The task: Give back every record below precisely as written.

Dataset entries:

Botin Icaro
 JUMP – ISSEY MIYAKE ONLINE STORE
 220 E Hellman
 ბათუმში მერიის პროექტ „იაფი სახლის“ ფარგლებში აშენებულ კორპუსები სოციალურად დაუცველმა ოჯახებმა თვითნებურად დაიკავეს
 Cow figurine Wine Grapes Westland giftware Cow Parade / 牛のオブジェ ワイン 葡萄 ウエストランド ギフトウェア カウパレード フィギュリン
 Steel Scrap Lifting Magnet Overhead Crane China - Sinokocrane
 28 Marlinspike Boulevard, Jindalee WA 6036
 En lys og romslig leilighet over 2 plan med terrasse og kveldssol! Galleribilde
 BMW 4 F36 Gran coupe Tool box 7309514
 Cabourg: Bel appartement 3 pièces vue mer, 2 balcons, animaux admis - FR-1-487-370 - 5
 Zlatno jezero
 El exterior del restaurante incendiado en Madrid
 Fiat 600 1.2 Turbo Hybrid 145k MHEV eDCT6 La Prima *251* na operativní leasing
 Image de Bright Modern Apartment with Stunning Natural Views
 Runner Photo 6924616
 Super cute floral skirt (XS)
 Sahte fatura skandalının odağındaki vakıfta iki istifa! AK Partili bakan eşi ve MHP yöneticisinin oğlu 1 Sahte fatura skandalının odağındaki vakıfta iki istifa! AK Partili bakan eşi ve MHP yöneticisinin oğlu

Output:
Botin Icaro
 JUMP – ISSEY MIYAKE ONLINE STORE
 220 E Hellman
 ბათუმში მერიის პროექტ „იაფი სახლის“ ფარგლებში აშენებულ კორპუსები სოციალურად დაუცველმა ოჯახებმა თვითნებურად დაიკავეს
 Cow figurine Wine Grapes Westland giftware Cow Parade / 牛のオブジェ ワイン 葡萄 ウエストランド ギフトウェア カウパレード フィギュリン
 Steel Scrap Lifting Magnet Overhead Crane China - Sinokocrane
 28 Marlinspike Boulevard, Jindalee WA 6036
 En lys og romslig leilighet over 2 plan med terrasse og kveldssol! Galleribilde
 BMW 4 F36 Gran coupe Tool box 7309514
 Cabourg: Bel appartement 3 pièces vue mer, 2 balcons, animaux admis - FR-1-487-370 - 5
 Zlatno jezero
 El exterior del restaurante incendiado en Madrid
 Fiat 600 1.2 Turbo Hybrid 145k MHEV eDCT6 La Prima *251* na operativní leasing
 Image de Bright Modern Apartment with Stunning Natural Views
 Runner Photo 6924616
 Super cute floral skirt (XS)
 Sahte fatura skandalının odağındaki vakıfta iki istifa! AK Partili bakan eşi ve MHP yöneticisinin oğlu 1 Sahte fatura skandalının odağındaki vakıfta iki istifa! AK Partili bakan eşi ve MHP yöneticisinin oğlu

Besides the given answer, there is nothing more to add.